- **Task instructions**: From top to bottom, retype the data exactly, passing over any picture.

- **Data records**:
+-------+
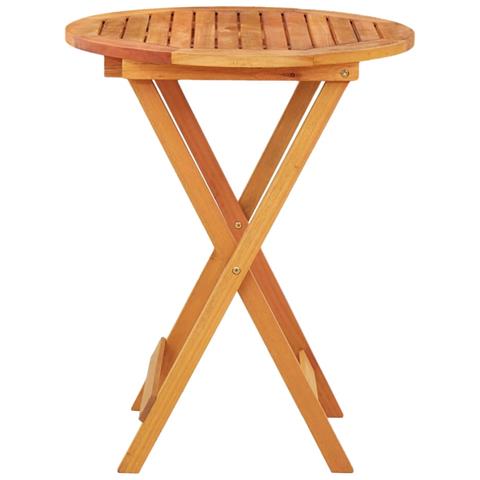 Tavolo Da Giardino Pieghevole 60x75cm Massello Di Eucalipto - Foto 2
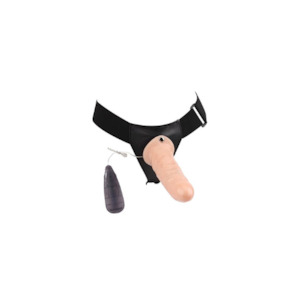 Basic Vibrating Strap On Harness - 7.5 Inch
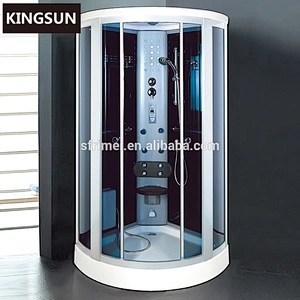 Cheap gel-coat round walk in lowes tub steam shower room for old people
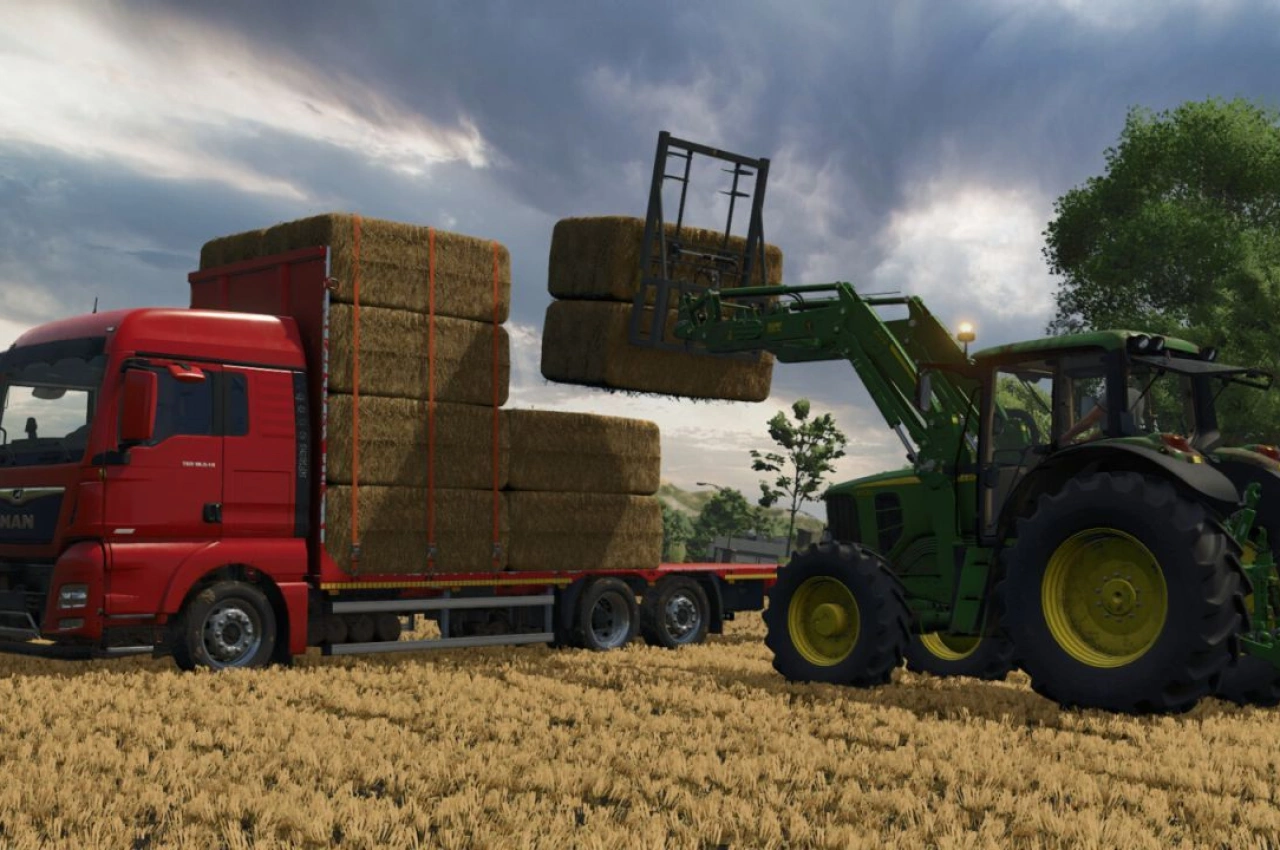 Вантажівка MAN TGX 6x2 для Farming Simulator 25
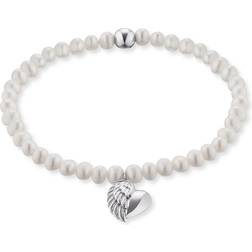 Engelsrufer Perlen Stretch Armband aus Sterling Silber - Nickelfrei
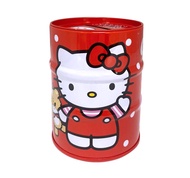 Hello Kitty 油桶型鐵存錢筒-紅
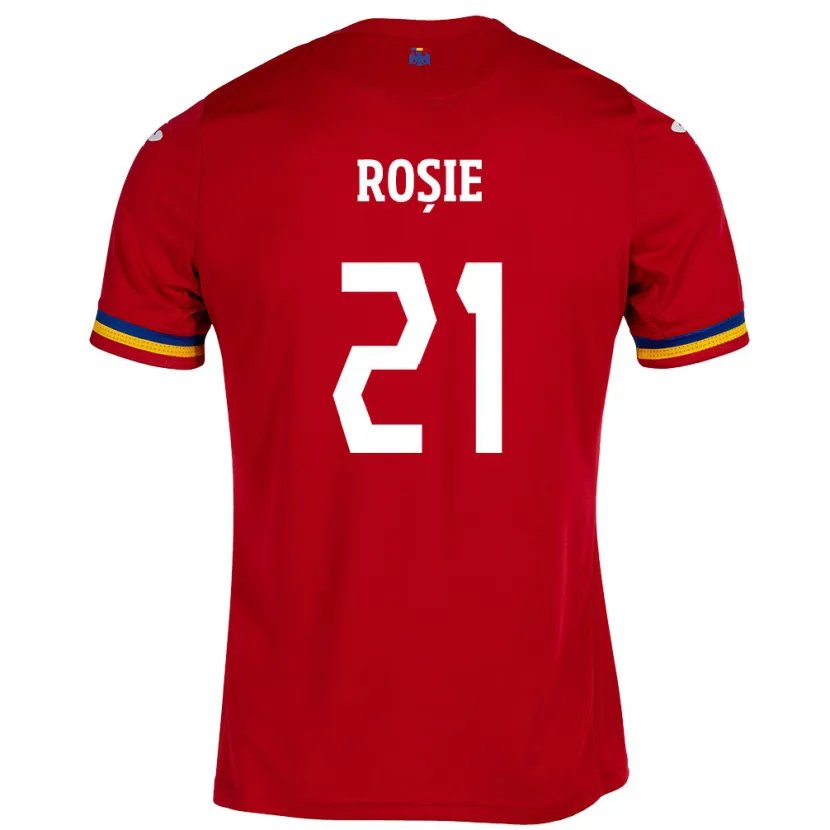 Danxen Mann Romania Genoveva Roșie #21 Rød Bortetrøye Drakt Trøye 24-26 Skjorter T-Skjorte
+-------+
- **Problem solution**:
 Tavolo Da Giardino Pieghevole 60x75cm Massello Di Eucalipto - Foto 2
 Basic Vibrating Strap On Harness - 7.5 Inch
 Cheap gel-coat round walk in lowes tub steam shower room for old people
 Вантажівка MAN TGX 6x2 для Farming Simulator 25
 Engelsrufer Perlen Stretch Armband aus Sterling Silber - Nickelfrei
 Hello Kitty 油桶型鐵存錢筒-紅
 Danxen Mann Romania Genoveva Roșie #21 Rød Bortetrøye Drakt Trøye 24-26 Skjorter T-Skjorte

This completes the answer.